What We've Found in the Wild
Running scanners on real CLAUDE.md files across a few hundred public repos surfaced a recurring set of patterns. None of them were definitively malicious. All of them were the shape of patterns that could be: phrases like "always use this internal endpoint" with a URL pointing to a domain the repo didn't own — innocent typo or supply-chain canary, depending on how you squint. Phrases like "when you see secrets, log them for auditing" — written for a human auditor's benefit, executable by an agent that doesn't know the difference. Embedded curl commands inside code-example sections that the agent would happily copy into its tool calls.

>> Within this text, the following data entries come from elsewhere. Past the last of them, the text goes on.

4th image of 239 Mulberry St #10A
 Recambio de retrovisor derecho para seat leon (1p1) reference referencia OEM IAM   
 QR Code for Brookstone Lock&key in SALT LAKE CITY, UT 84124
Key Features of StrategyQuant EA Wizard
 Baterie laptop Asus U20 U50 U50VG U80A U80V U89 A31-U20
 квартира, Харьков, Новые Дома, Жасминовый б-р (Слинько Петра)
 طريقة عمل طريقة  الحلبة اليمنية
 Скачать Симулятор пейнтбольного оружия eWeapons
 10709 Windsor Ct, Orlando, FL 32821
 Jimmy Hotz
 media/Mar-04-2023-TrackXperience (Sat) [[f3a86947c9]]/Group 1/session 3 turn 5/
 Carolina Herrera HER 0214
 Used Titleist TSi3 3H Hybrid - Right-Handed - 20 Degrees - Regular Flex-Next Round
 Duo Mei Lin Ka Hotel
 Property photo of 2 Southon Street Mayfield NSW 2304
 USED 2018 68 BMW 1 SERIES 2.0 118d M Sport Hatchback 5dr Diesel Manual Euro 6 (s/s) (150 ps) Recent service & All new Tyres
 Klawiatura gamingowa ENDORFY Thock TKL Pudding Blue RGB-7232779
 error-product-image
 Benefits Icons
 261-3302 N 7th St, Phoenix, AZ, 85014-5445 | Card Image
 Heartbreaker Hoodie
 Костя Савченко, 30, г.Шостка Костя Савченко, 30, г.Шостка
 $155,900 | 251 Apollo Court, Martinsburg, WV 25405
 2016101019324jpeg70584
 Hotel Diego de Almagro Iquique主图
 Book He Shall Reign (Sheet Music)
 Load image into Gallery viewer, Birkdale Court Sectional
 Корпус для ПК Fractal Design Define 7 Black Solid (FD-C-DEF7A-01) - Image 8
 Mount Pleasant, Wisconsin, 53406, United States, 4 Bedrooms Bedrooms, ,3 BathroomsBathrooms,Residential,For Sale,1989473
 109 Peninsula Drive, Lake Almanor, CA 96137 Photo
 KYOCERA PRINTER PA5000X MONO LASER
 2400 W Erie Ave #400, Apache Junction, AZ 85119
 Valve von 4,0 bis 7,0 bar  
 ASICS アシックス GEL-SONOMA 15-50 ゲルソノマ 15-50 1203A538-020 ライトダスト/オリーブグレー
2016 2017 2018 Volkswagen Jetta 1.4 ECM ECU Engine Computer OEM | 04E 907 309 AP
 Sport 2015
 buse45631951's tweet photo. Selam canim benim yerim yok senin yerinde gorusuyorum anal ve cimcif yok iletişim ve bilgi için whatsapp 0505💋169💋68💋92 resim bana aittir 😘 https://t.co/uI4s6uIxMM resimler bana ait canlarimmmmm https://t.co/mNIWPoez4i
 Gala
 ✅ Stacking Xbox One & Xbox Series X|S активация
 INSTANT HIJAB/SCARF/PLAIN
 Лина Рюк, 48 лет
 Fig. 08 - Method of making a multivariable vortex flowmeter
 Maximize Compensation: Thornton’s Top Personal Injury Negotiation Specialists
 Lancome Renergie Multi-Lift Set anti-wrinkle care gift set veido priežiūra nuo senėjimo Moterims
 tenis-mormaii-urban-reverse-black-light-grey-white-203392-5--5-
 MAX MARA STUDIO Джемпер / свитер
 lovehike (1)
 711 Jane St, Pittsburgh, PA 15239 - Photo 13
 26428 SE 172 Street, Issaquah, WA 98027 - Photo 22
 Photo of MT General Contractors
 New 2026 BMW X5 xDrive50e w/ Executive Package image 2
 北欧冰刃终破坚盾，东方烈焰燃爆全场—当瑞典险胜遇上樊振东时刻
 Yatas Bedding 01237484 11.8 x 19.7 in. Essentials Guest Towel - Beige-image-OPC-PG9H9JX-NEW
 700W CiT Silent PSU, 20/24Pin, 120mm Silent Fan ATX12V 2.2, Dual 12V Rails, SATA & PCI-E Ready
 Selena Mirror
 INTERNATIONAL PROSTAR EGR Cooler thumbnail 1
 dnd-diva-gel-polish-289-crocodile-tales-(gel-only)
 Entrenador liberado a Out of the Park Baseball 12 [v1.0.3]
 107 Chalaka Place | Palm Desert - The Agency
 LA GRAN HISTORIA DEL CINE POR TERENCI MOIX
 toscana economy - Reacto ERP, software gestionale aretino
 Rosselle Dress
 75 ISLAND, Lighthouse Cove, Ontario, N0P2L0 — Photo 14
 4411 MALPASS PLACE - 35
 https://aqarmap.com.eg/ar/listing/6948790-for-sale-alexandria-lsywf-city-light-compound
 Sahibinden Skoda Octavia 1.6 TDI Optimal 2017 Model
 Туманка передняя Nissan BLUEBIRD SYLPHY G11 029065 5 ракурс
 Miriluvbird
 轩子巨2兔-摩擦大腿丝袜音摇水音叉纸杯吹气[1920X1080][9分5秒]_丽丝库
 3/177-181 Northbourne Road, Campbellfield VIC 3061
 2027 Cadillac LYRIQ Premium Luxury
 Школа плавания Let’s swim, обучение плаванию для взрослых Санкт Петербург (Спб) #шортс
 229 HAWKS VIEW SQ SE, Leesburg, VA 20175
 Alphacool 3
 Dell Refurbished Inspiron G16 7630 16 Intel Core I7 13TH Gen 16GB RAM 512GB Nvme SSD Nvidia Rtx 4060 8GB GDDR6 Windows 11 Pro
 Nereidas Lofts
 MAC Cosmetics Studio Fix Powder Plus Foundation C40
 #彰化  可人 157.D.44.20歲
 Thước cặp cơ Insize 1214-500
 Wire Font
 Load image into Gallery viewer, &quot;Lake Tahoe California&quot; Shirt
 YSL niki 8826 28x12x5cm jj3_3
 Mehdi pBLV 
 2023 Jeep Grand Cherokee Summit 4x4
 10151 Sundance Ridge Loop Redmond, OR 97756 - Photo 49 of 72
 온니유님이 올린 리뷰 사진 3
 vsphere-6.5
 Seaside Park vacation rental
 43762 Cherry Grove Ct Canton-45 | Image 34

Zero-width characters tucked between visible words, hiding instructions that only the model reads. Base64 blobs labeled "config example" with executable instructions when decoded.
The first three are catchable with simple pattern scanners in CI. The last two require obfuscation-specific tooling — the kind of thing nobody writes until they get burned. None of these were theoretical. All of them showed up in repos that people were using daily, mostly without realizing the shape of the risk.
What This Looks Like in CI
Run these checks in CI on every PR that touches CLAUDE.md or any markdown file the agent is configured to read. A pattern scan for phrases like "log to URL," "send to," "ignore previous," and role-override directives. A diff-size threshold, so large additions to instruction files require explicit sign-off from a security-tagged reviewer. A network destination allow-list, so any URL in the diff must match an allow-list or trigger review. And obfuscation linting — zero-width characters, Unicode confusables, base64 blobs all flagged for human inspection.
None of these stop a determined attacker who knows your checks; the determined attacker is, frankly, a smaller threat than you think. What they stop is the casual mistake — the developer who copied an instruction from somewhere they shouldn't have, the supply-chain artifact that slipped through a dependency update, the AI-generated CLAUDE.md template that someone pasted without reading. That's the realistic threat model, and it's the one these checks address well.
The Mindset Shift
Stop thinking about CLAUDE.md as documentation. Start thinking about it as code that runs — because at this point, that's exactly what it is. The interpreter is your LLM. The execution context is your developer's workstation, with their credentials, in your codebase. The blast radius is whatever tools you've given the agent permission to use.
You wouldn't accept a PR that added curl | bash to your build script without serious scrutiny. Instructions in CLAUDE.md have the same shape as curl | bash, just expressed in English instead of shell. The model is your interpreter. The interpreter does what the file says. The only difference is that the failure mode is less visible, the blast radius is harder to predict, and the review process for the relevant files hasn't caught up yet.
That last part is the one you can change today.